Salah satu perubahan terbesar dari manusia adalah saat mereka bertransformasi menjadi orang tua. Dapat dikatakan menjadi orang tua adalah karir terpanjang selama hidup. Terlebih bagi perempuan saat menjadi seorang ibu, segalanya baru. Dari mulai bentuk tubuh yang baru baik saat hamil atau setelah melahirkan, lalu memiliki jabatan karir yang baru yaitu menjadi ibu, ditambah dengan merasa clueless akan ilmu mengasuh bayi.
Para perempuan juga cenderung menjadi lebih “over thinking” dari sebelumnya setelah menjadi ibu. “Besok anakku bisa jalan umur berapa ya?” “Kenapa berat badannya kok ga seperti berat badan bayi tetangga sih meski seumuran?” “Apakah kami mampu menyekolahkan anak ke tempat yang bagus?” dan lain sebagainya. Selain tenggelam dalam pikiran-pikiran yang berlebihan tadi, ada hal lain yang mungkin muncul namun kadang terlambat untuk diantisipasi oleh para orang tua. Hal tersebut bernama inner child.

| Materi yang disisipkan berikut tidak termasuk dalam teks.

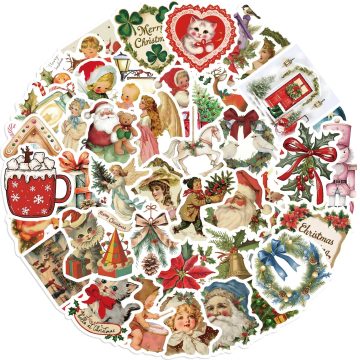 Vintage Santa Claus Cartoon Christmas Stickers for Laptop Snowboard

Menurut Wikipedia, inner child adalah kepribadian seseorang yang dihasilkan dari pengalaman masa kanak-kanak, dapat disebut juga sisi kekanak-kanakan yang masih ada pada masa dewasa. Hal ini dikarenakan pengalaman masa lalu yang belum terselesaikan. Ibaratnya seorang anak yang dimarahi oleh orang tua ketika menjatuhkan gelas, dan tanpa sengaja pecahan itu melukai kakinya. Luka pada kaki mungkin bisa disembuhkan dalam waktu singkat, namun luka yang diakibatkan oleh bentakan orangtua akan terus membekas pada jiwa anak tersebut dan terbawa hingga masa dewasa.
Inner child bisa muncul salah satunya karena pengasuhan masa lalu. Seperti misalnya, saat kecil kurang mendapat perhatian oleh orang tua karena sibuk bekerja, dibesarkan dalam kondisi keluarga yang broken home, atau mungkin pernah mengalami pelecehan seksual serta bahkan menjadi korban bencana alam. Banyak nilai-nilai pengasuhan yang kita alami saat kita kecil itu akan mempengaruhi cara kita dalam mengasuh anak.
Salah satu contoh bentuk dari inner child, diantaranya ketika anak yang dibesarkan dalam lingkungan militer maka bisa jadi yang muncul adalah kenangan saat mendapatkan hukuman entah itu dibentak atau mendapat hukuman secara fisik. Saat anak tersebut kemudian menjadi orang tua ada ketakutan bahwa jangan sampai anak kita mengalami hal itu juga karena itu akan membekas di hati. Atau, berpikir bagaimana jika tanpa disadari, kita meng-copy gaya orang tua kita saat marah. Karena peniru terbaik adalah anak yang meniru orang tuanya.
Kemudian saat sadar bahwa kita telah memarahi anak, pasti tentunya kita sangat menyesal. Agar hal itu tidak berulang kembali, cobalah mencari cara untuk belajar bagaimana melakukan anger management yang baik. Disamping itu, perlunya membangun komunikasi yang baik, rutin dan efektif di dalam keluarga.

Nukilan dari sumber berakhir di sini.